The rise in liquidity was largely attributed to those companies increasing their activity rather than new participants starting to trade.

Several new companies obtained licenses to trade and, according to OTE, the number of gas market participants is now 63, including more recently the entrance of British-headquartered BP Energy Europe in June, Polish PGNiG and Slovak incumbent SPP in early October. SPP had previously been active in the market via its Czech subsidiary.

The number of companies active on the market, however, has stabilised over 2013.

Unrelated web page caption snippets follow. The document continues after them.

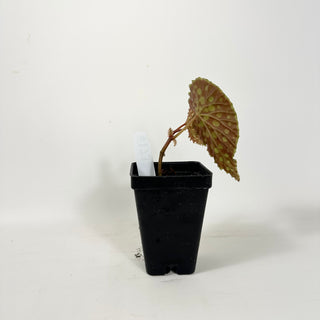 Begonia chlorosticta [#1732]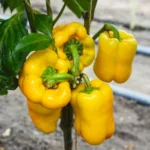 Yellow Capsicum seeds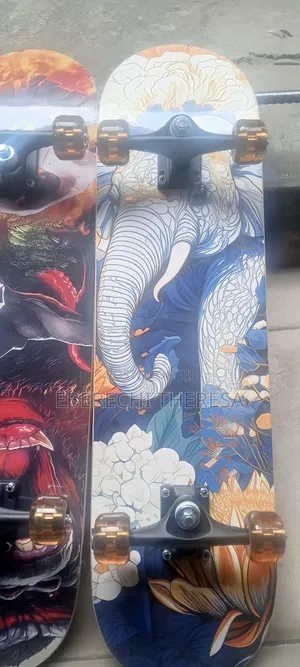 Newly Designed Skate Board
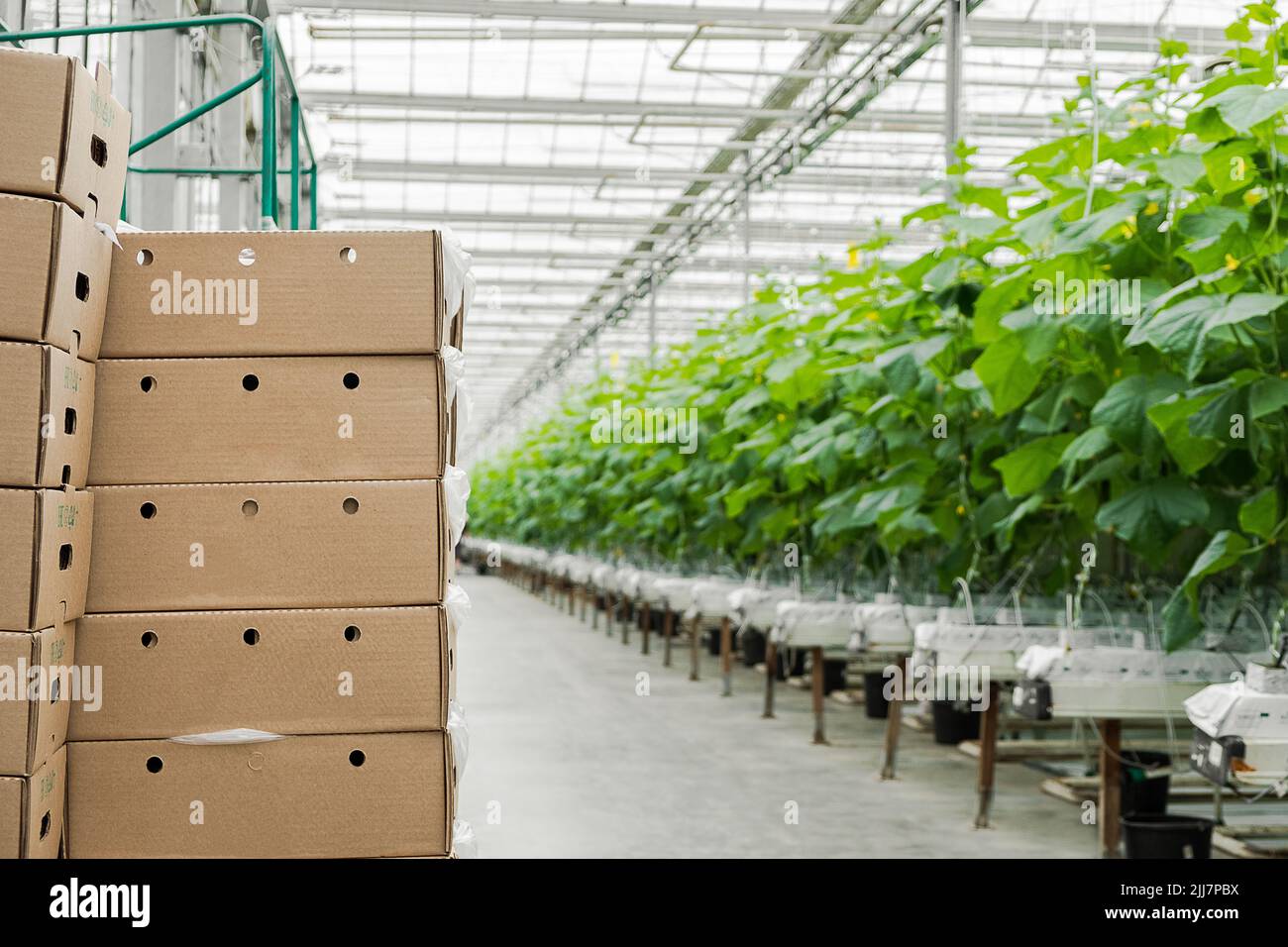 Boxes with fresh ripe cucumber. Organic food and vegetables. Healthy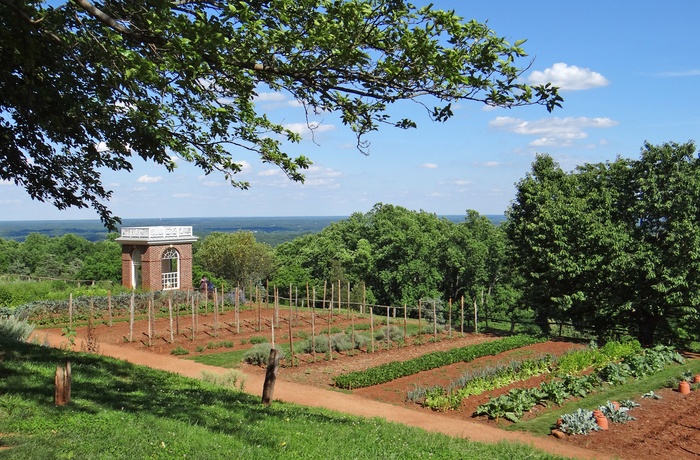 Monticello tæt på Charlottesville - Virginia i USA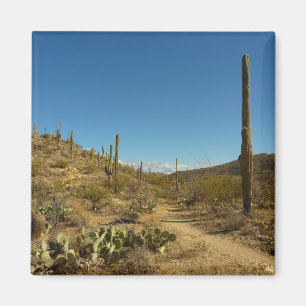 Saguaro's Carillo Trail im Saguaro National Park Magnet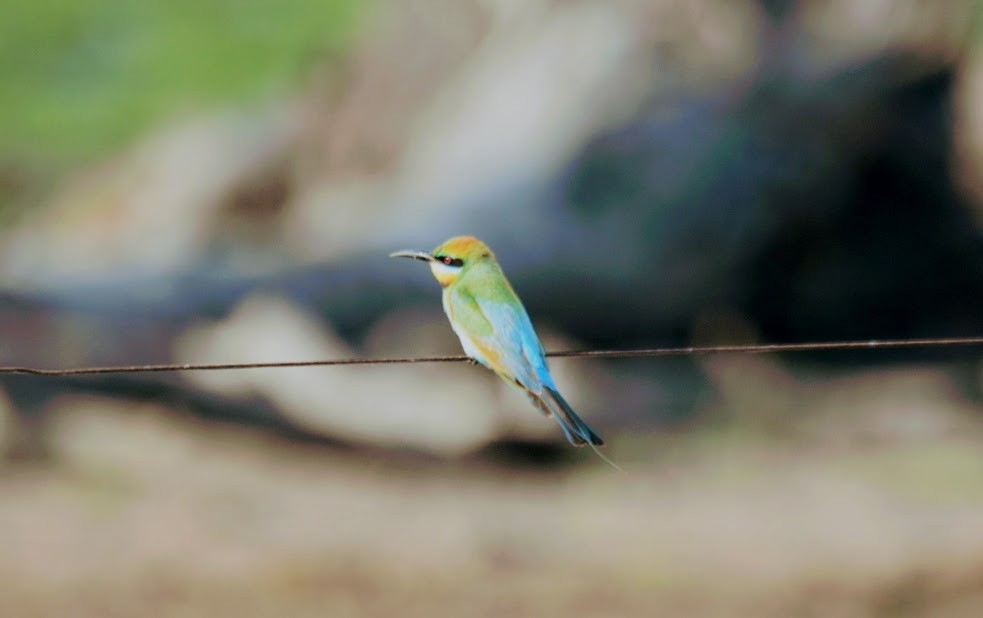Rainbow Bee-eater - ML609685479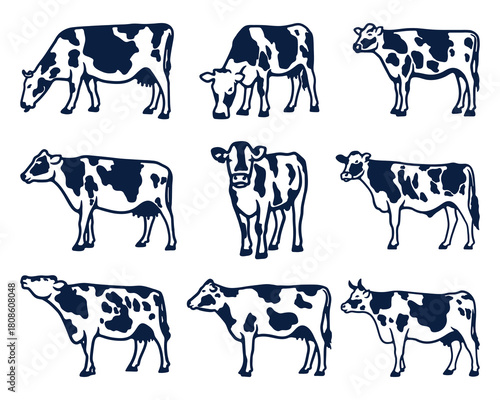 Cows with Spots illustration Art Set design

Czech prices continued to take their mark from German NCG but the Day-ahead contract was also affected by the Czech Republic’s own fundamentals. As a result, the Czech-NCG Day-ahead spread was volatile with the Czech contract dipping below Germany on some sessions. Czech weather-driven demand has also had an effect on prices.

Regulation

The Czech industry and trade ministry and the energy regulator ERU introduced a new gas security of supply standard regulation from 1 October 2013.

The regulation requires, among other things, that suppliers have in storage gas matching 20% of peak demand of socially sensitive customers on each day of winter.

It will also exclude the Czech gas exchange launched on 9 December, from qualifying as a valid source of supply under the security standard because it is not possible to prove origin of gas purchased on the exchange.

Several traders active on the market said in December the regulation is out of line with EU rules and hurts market development.

However, the Czech industry and trade ministry and independent industry group Czech Gas Association has defended the rule, saying it is necessary in order to avoid crises similar to 2009 supply disruptions due to a Russia-Ukraine spat.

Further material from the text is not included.